Le rire est évidemment plaisant pour le lecteur ou le spectateur : il rend la critique plus agréable à recevoir. Le théâtre, et en particulier la comédie, a toujours été un divertissement plébiscité par le public. Dans sa pièce de théâtre Les Nuées, le dramaturge antique Aristophane utilise la comédie et la satire pour critiquer les excès et les dérives de la société athénienne de son temps. Il en est de même plus tard, à l’époque classique, lorsque Molière, dans Tartuffe, fait du spectateur un complice amusé lorsqu’il met en scène Orgon caché sous la table, découvrant l’hypocrisie de Tartuffe. Les répliques à double sens, les didascalies et l’insistance du faux dévot permettent au lecteur de s’amuser de la situation tout en blâmant le comportement du personnage. Il s’agit, à l’époque de Molière de corriger les mœurs en riant. Le rire permet aussi de dénoncer sans heurter directement, en évitant la censure ou la brutalité de certains propos. Ainsi, La Fontaine, dans ses Fables, dénonce les mœurs de son époque en mettant en scène des animaux. Par exemple, dans Les Animaux malades de la peste, les lecteurs sont invités à réfléchir à l’injustice. La mise en scène animalière rend la critique plus acceptable socialement, sous le règne absolutiste de Louis XIV.

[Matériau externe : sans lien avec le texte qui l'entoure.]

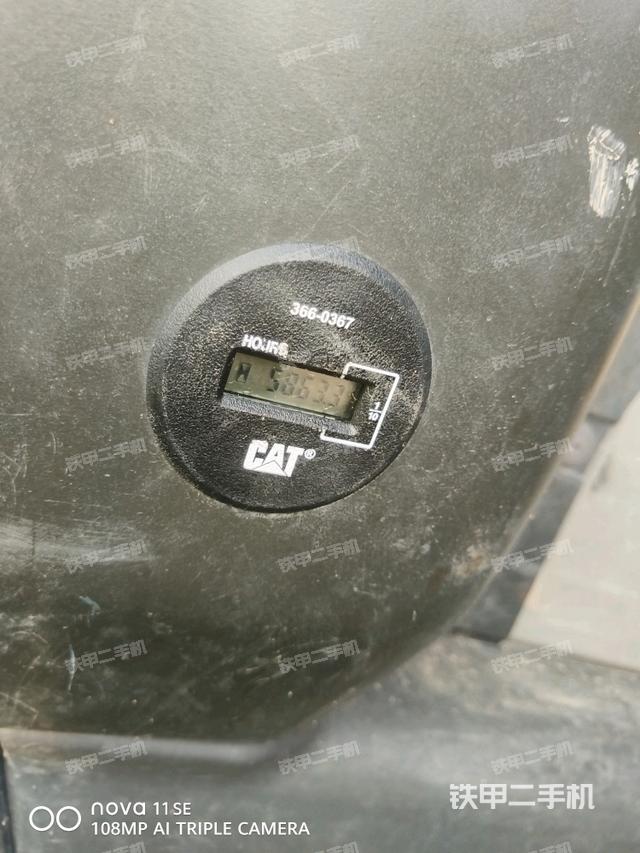 小時表（駕駛室部分）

Pensez à intégrer les analyses sur Tartuffe que vous avez faites dans la première partie de votre devoir. Vous pourrez toujours le faire puisque le sujet de réflexion est systématiquement en relation avec le texte à l’étude.

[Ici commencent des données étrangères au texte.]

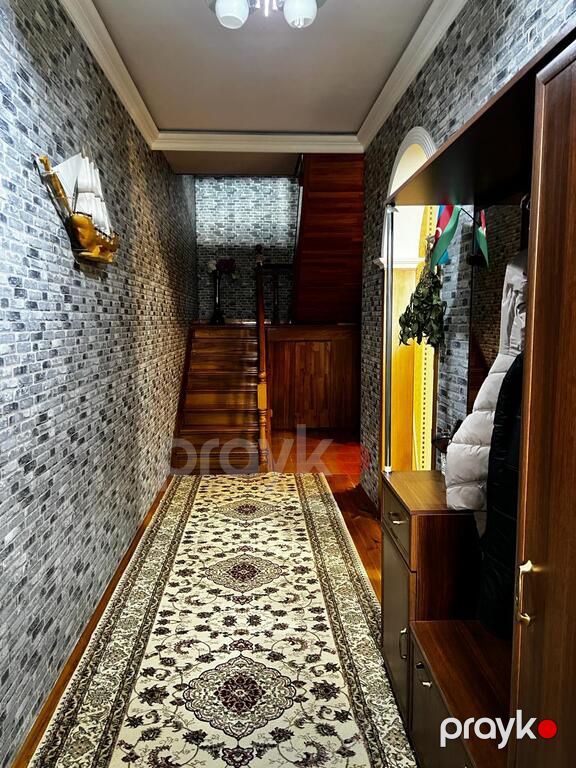 Satılır 5 otaqlı həyət evi/bağ evi 240 m² — Ev, villa, Bakı (11)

II. Les limites du rire : mal compris, trop léger et parfois inadapté au sujet
Cependant, il arrive parfois que le message se perde dans le comique : dans ce cas, le rire se suffit à lui-même et le message passe au second plan. Le public peut ne pas voir la critique derrière l’humour, et l’auteur rate sa cible. De plus, les sujets graves (la guerre, la misère, le racisme…) ne se prêtent pas toujours au rire. Par exemple, Victor Hugo dans Les Misérables a préféré provoquer l’indignation par l’émotion plutôt que le rire et la portée de son message n’en est pas moins efficace, bien au contraire. Dans le poème Melancholia, il dénonce la souffrance et la détresse engendrées par le travail des enfants avec des mots poignants qui résonnent chez le lecteur de manière particulièrement convaincante. Pourtant, c’est l’empathie, la pitié et l’indignation qui dominent. Il est même difficile d’imaginer comment instaurer une distance humoristique avec cette injustice criante. De même, les poètes de la Résistance, comme Aragon ou Desnos, ont critiqué et dénoncé l’Occupation allemande de manière virulente sans jamais utiliser le rire, qui aurait été complètement inadapté dans la situation.

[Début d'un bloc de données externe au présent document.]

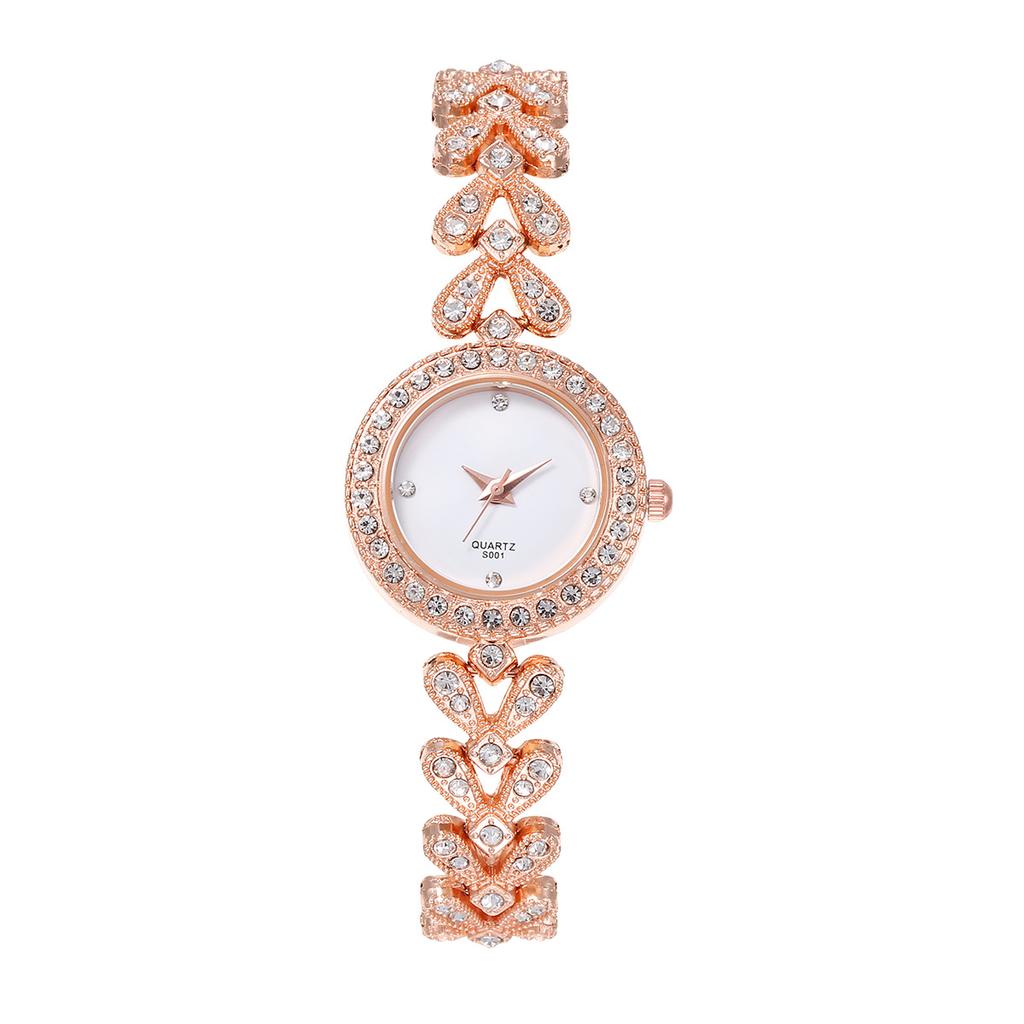 Модные повседневные часы для женщин, лучший бренд-браслет, женские часы, роскошное платье с бриллиантами, кварцевые женские наручные часы из нержавеющей стали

III. L’idéal consiste à allier rire et réflexion et d’adapter le ton au sujet traité
Finalement, le rire est un outil de réflexion très puissant s’il est bien utilisé mais il n’est pas toujours adapté au sujet que l’on veut traiter : ironiser ou plaisanter sur certains sujets (les génocides par exemple) s’avère souvent contre-productif : on démystifie1 en riant des sujets qui ne prêtent pas vraiment à rire et cela peut mener à du révisionnisme2, voire à du négationnisme3. Pour dénoncer, il faut susciter la complicité et l’empathie du lecteur, pas instaurer une distance. Or le rire instaure une distance critique, qui permet de prendre de la hauteur par rapport à des dysfonctionnements ou des excès qui doivent être mis en lumière. Le rôle de l’artiste engagé est précisément cette mise en lumière.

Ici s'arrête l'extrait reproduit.